How Even the Remotest Parts of the World Are Getting Mobile Coverage

That tree is a cellphone tower.

That tree is a cellphone tower. Endaga

A new device is using regular radio spectrum to connect to mobile phones in its area.

For mobile operators, setting up shop in some of the remotest places on earth can bring rich rewards, but also tremendous risk. Sometimes the risk is too much—Digicel founder Denis O’Brien said his company lost nine people in “plane crashes, accidents, car crashes” when it was building its network in Papua New Guinea—and as often, the reward is too little. As a result, 10% of the world’s population lives in places without mobile coverage (pdf).

Endaga, a tiny startup that just raised $1.2 million in funding, may have another way.

As part of his doctoral work at Berkeley, Endage founder Kurtis Heimerl built a box that can be installed pretty much anywhere—the first one was fitted on a tree—and provide cellular coverage over a 10 km (6.2 mile) radius. The box uses regular radio spectrum to connect to mobile phones in its area, converting it to voice over internet protocol (VoIP) in order to connect to the rest of the world.

By the people

The clever bit is that Endaga doesn’t run the service. Instead of attempting to make money from cellphone services, Endaga leaves the running of the network to locals, who then take on the responsibility of installing it, attaching it to a power source, and finding an internet connection. The owner (or owners) of the box become micro-operators, charging as they see fit for the service. The power usually comes from a generator. Internet access is trickier. Sometimes there are nearby fiber lines. In other cases the operator pays for a satellite connection.

Leaving the running to locals also means lower running costs. Where big operators in faraway offices would need to build a road to install a tower, then bring in a diesel generator to power it and erect a fence to protect the fuel, a locally owned and run network can be maintained much more easily.
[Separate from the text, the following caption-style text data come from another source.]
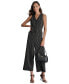 ფოტო #1 პროდუქტის Women's V-Neck Pinstripe Sleeveless Jumpsuit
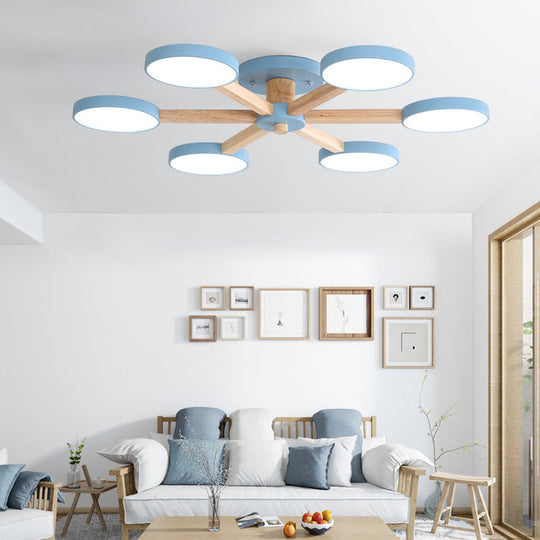 Contemporary Sputnik Semi Flush Ceiling Lamp with 6/8 Metal Heads in Pink/Blue - Ideal for Bedrooms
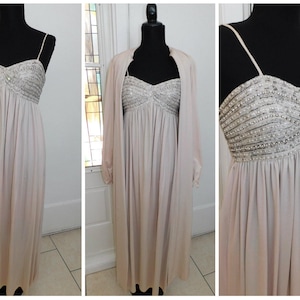 60s Champagne Rhinestone Beaded Evening Gown Victoria Royal LTD Jersey Knit Gown with Cover 60s Evening Gown Duster 34&quot; chest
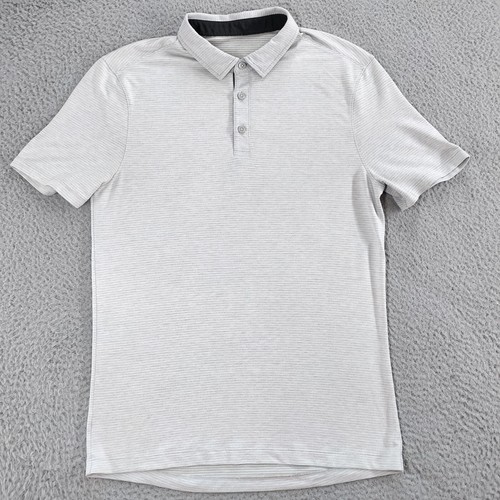 Lululemon Polo Shirt Mens Small Gray Striped Performance Athletic Athleisure - Picture 3 of 23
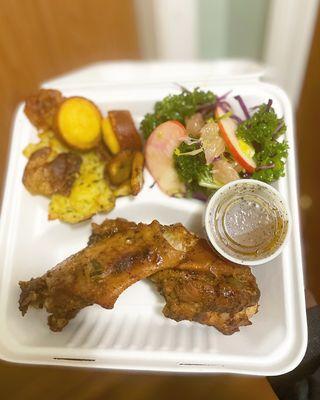 Turkey Wings, Kale Salad, Herbed Smashed Potatoes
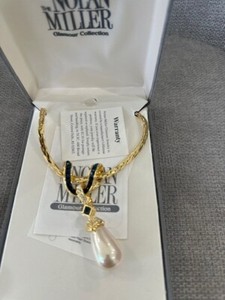 Authentic Nolan Miller Estate Gold Plated Faux Pearl Sapphire Drop Pendent Necklace 24 in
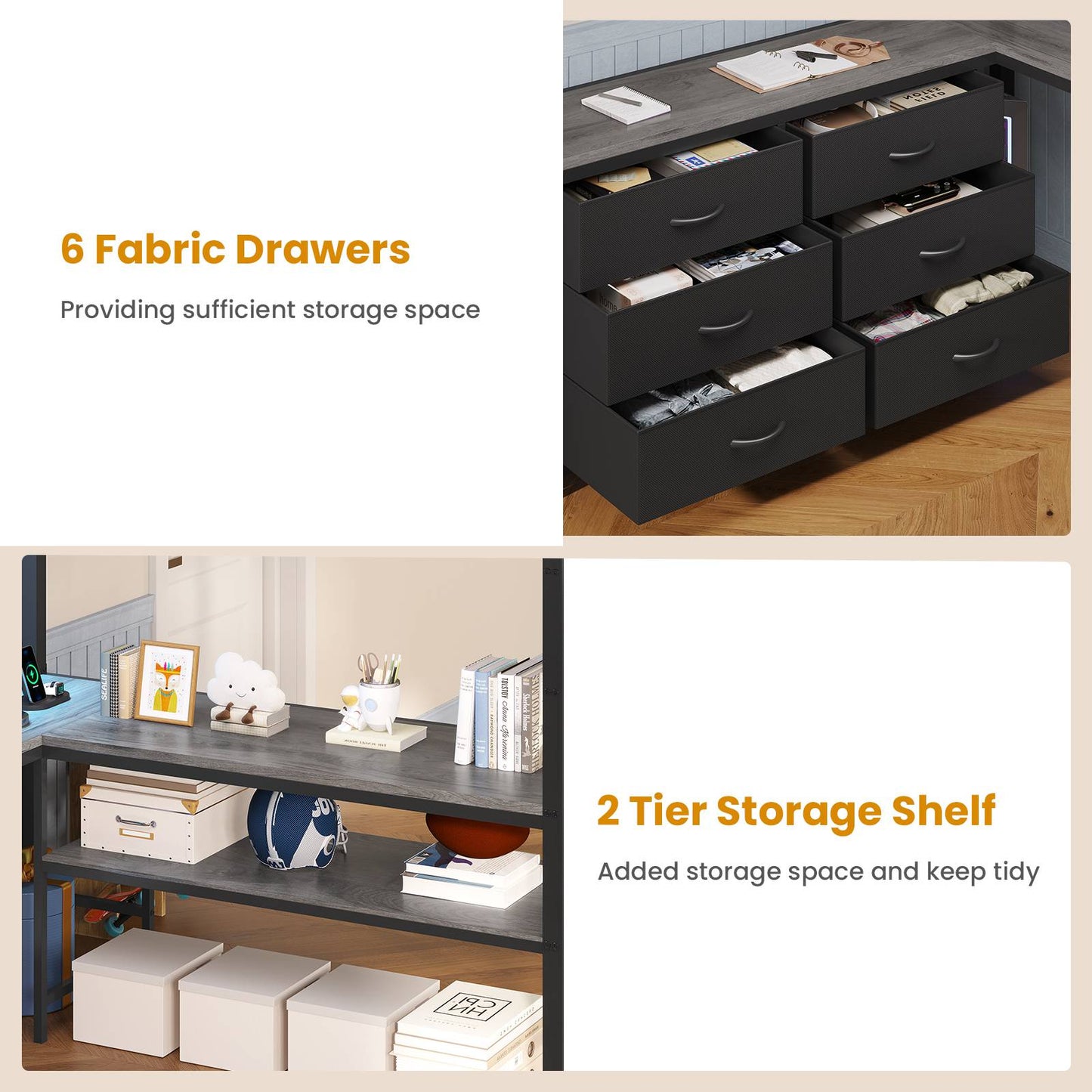 ADORNEVE Loft Bed Full Size with U-Shaped Desk and 6 Storage Drawers LED Metal Loft Bed with Power Outlet and 2 Storage Shelves Bed with Safety Guardrail and Ladders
Roshan, Afghanistan’s biggest operator, keeps its infrastructure running in a similar fashion, with locals taking on the task of protecting it.

Heimerl installed the first box at a school in the Papua province of Indonesia (the other half of the island that includes Papua New Guinea) in early 2013 as part of his PhD. He says the local operator brings in $2,000 in monthly revenue. The box itself sells for $6,000. “It is wildly profitable for the local school,” he says. (Another three boxes are on their way to customers now, but Heimerl declined to name them.)

Afoul of the law

It’s all wonderful in theory, but it is also illegal. Mobile networks pay several hundred million dollars for the privilege of using radio spectrum, a limited resource. Apart from small bands of public spectrum—used by Wi-Fi routers and microwaves for example—radio spectrum is owned and licensed out by governments.

Endaga’s boxes are in effect infringing on the regional network’s spectrum. But Heimerl says he doesn’t foresee trouble from operators and regulators. “We’re solving a core problem for them. There are government agencies dedicated to this problem [of rural access]. We come to them with this solution and they’re open to it,” he says.